È geniale. È inquietante. È perfettamente calibrato per sfruttare ogni debolezza psicologica del consumatore moderno. E Baroli te lo spiega con la lucidità di chi ha studiato i meccanismi, non con la rabbia dell’anticapitalista da tastiera.
Uno stile accessibile senza essere superficiale
La forza di questo saggio è nell’equilibrio. Baroli scrive per tutti – dai curiosi che hanno sentito parlare di Labubu ma non capiscono la mania, ai collezionisti hardcore che troveranno analizzate le proprie ossessioni, agli esperti di marketing che scopriranno strategie raffinate.

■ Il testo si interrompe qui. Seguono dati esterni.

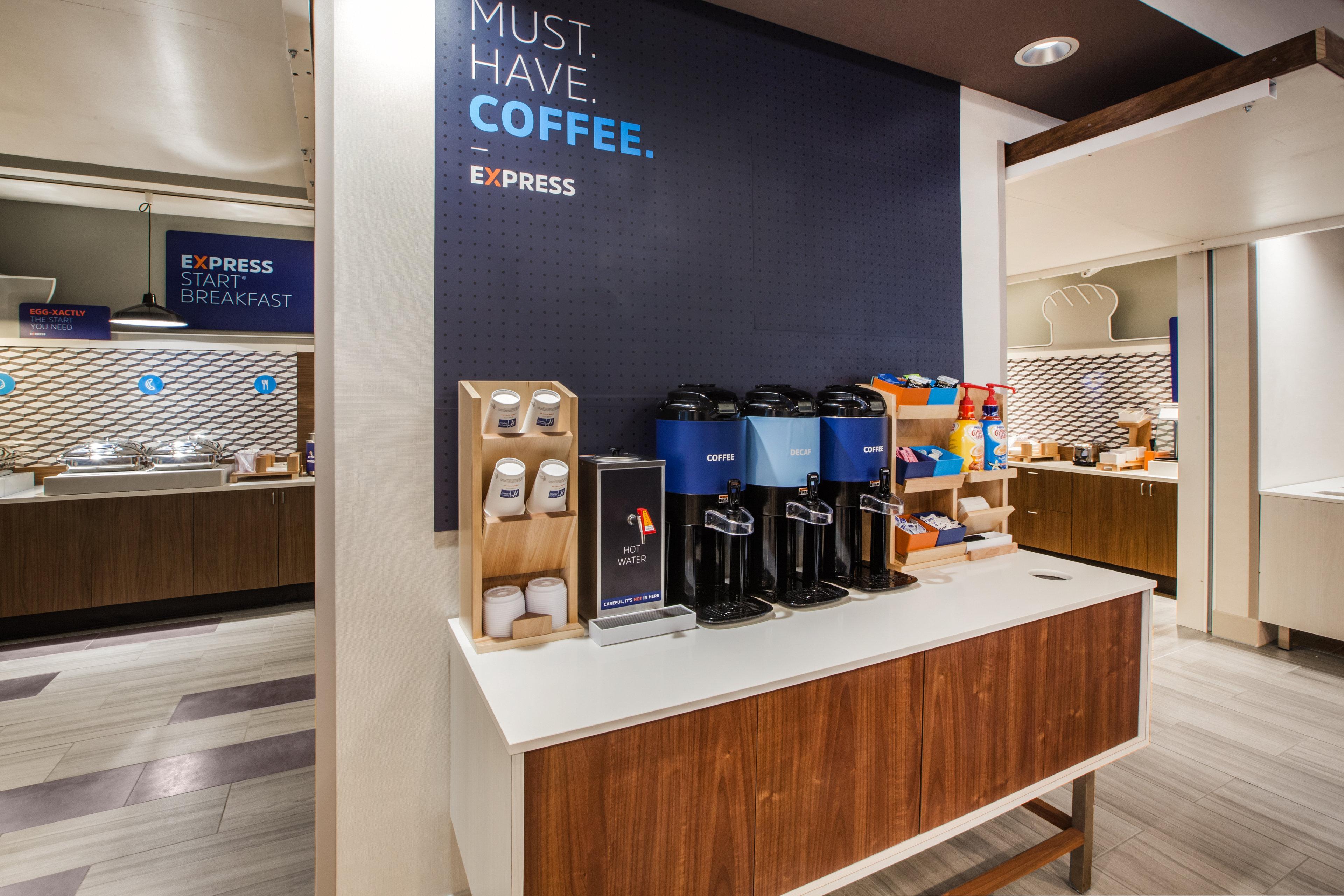 Express & Atlanta N - By Ihg Woodstock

Non è accademico e noioso. Non è giornalistico e superficiale. È quel raro esempio di divulgazione intelligente che ti fa imparare mentre ti intrattiene.

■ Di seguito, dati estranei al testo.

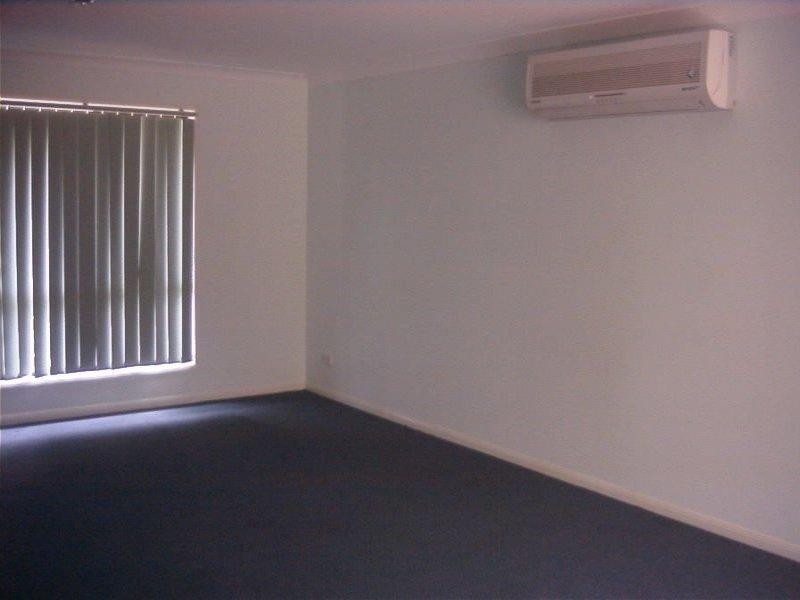 42 Mt D’aguilar  Cres, Algester QLD 4115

Perché leggere il libro Diarkos “Il fenomeno Labubu”
Perché Labubu è solo la punta dell’iceberg. Domani sarà un altro oggetto, un altro brand, un’altra ossessione collettiva. Ma i meccanismi resteranno gli stessi.
Questo libro ti insegna a riconoscerli. A capire quando il tuo cervello viene manipolato. A distinguere il piacere genuino dall’impulso indotto. A chiederti: sto comprando questo perché mi piace o perché tutti lo hanno?

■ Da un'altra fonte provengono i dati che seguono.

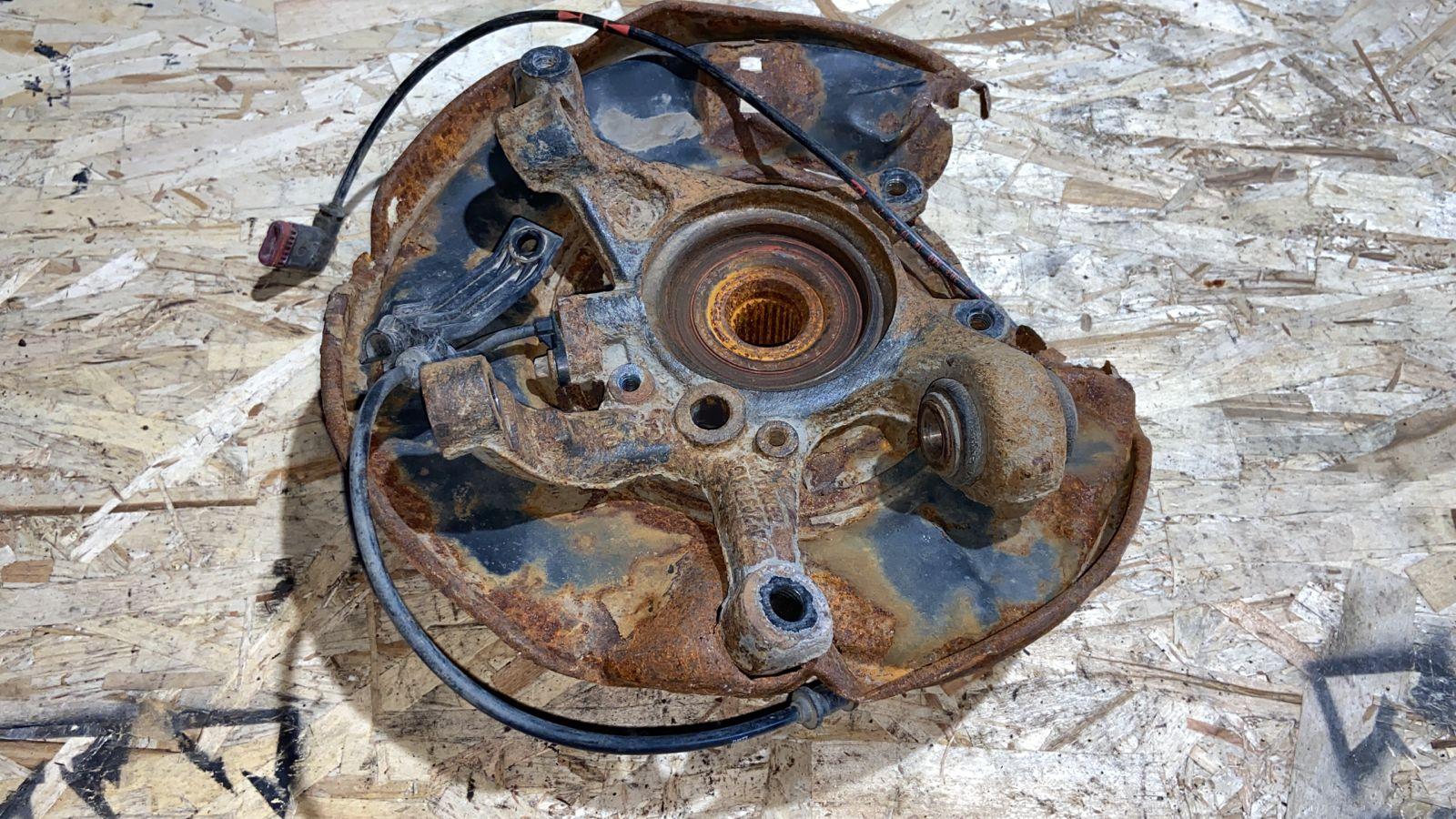 Кулак поворотный задний правый Mercedes C/W203 2000-2008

È un manuale di autodifesa dal capitalismo dei desideri. Ed è maledettamente necessario.
Conclusione
Marianna Baroli ha scritto il saggio giusto al momento giusto. Un’analisi lucida, documentata, mai pesante di un fenomeno che dice molto di più su di noi che su un pupazzetto rosa.
“Il fenomeno Labubu” è sociologia pop nel senso migliore del termine: prende sul serio ciò che molti liquidano come “roba da ragazzini” e ci mostra che, invece, è uno specchio perfetto del nostro tempo. Un tempo in cui collezionare oggetti è diventato più facile che coltivare relazioni, e in cui possedere qualcosa di limitato ci fa sentire speciali in un mondo che ci vuole tutti uguali.
Leggetelo. Soprattutto se avete più di tre Labubu. O se state per comprare il quarto. Clicca QUI per acquistare su Amazon.
Voto: 8,5/10
Per chi: Collezionisti compulsivi, esperti di marketing, genitori perplessi, sociologi della domenica, chiunque voglia capire perché stiamo tutti impazzendo per oggetti che non ci servono.
Bonus: Dopo averlo letto guarderete la vostra collezione con occhi diversi. Forse più consapevoli. Forse più colpevoli. Sicuramente più informati.